In the age of artificial intelligence, the ancient Greek concept of techne—often translated as "craft," "art," or "know-how"—has undergone a radical transformation. Once rooted in the embodied knowledge of artisans and creators, techne now finds itself entangled with artifice, the calculated simulation of creativity by machines. This shift challenges not only our understanding of artistic production but also the very nature of human ingenuity.

⚙️ From Techne to Algorithmic Praxis

Traditionally, techne was a form of knowledge inseparable from the act of making. It was tactile, iterative, and deeply personal. In contrast, AI systems operate through praxis that is encoded, abstracted, and scalable. As SpringerLink’s chapter on Techne and Praxis notes, the integration of AI into artistic practice redefines creativity itself. Artists now collaborate with algorithms, using generative models as co-creators. This raises questions: Is the machine merely a tool, or has it become a medium with its own aesthetic agency?

🎭 Artifice: Simulation or Innovation?

Artifice, in this context, refers to the deliberate construction of appearances—images, texts, sounds—that mimic human creativity. AI-generated art, music, and literature often blur the line between imitation and innovation.
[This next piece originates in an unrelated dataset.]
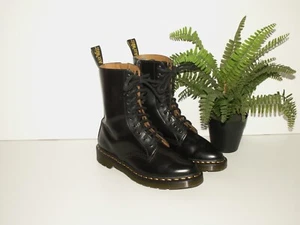 Dr. Martens ALIX black leather zipper boots uk 4 eu 37 us 6 (d1181) - Picture 1 of 10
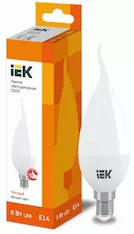 Лампа свеча IEK LED CB35 5Вт 230В 3000К E14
As Ruei-Hung Alex Lee argues in The Stanford Review, AI art generation doesn’t necessarily advance human creativity but rather shifts its economic and cultural value. The artist confronts a paradox: the machine can replicate style, but can it replicate soul?

Walter Benjamin’s seminal essay The Work of Art in the Age of Mechanical Reproduction becomes newly relevant. Benjamin distinguished between cult value and exhibition value—the former tied to ritual, the latter to mass visibility. In the digital age, AI collapses these distinctions. A single prompt can produce hundreds of images, each devoid of aura yet infinitely reproducible.

🧬 The Ethics of Creation

The rise of AI-generated art also forces a reckoning with authorship and ownership. Who owns an image created by a neural network trained on millions of copyrighted works? The SpringerLink chapter explores these ethical tensions, noting that AI challenges traditional notions of authorship and demands new frameworks for intellectual property.

Moreover, as Anjan Chatterjee writes in Frontiers in Psychology, AI doesn’t need to understand emotions to evoke them. This decoupling of affect from agency is unsettling. If machines can produce emotionally resonant art without feeling, what does that say about our criteria for meaning?

🌐 Toward a New Techne

Perhaps the digital AI age invites us to reimagine techne not as a lost tradition but as an evolving dialogue between human and machine. The artist becomes a curator of possibility, guiding algorithms toward expressions that reflect human concerns. Artifice, then, is not deception—it’s a mirror, reflecting our desires, biases, and aspirations back at us in synthetic form.

In this new landscape, techne is no longer just the hand of the maker—it is the mind that shapes the machine..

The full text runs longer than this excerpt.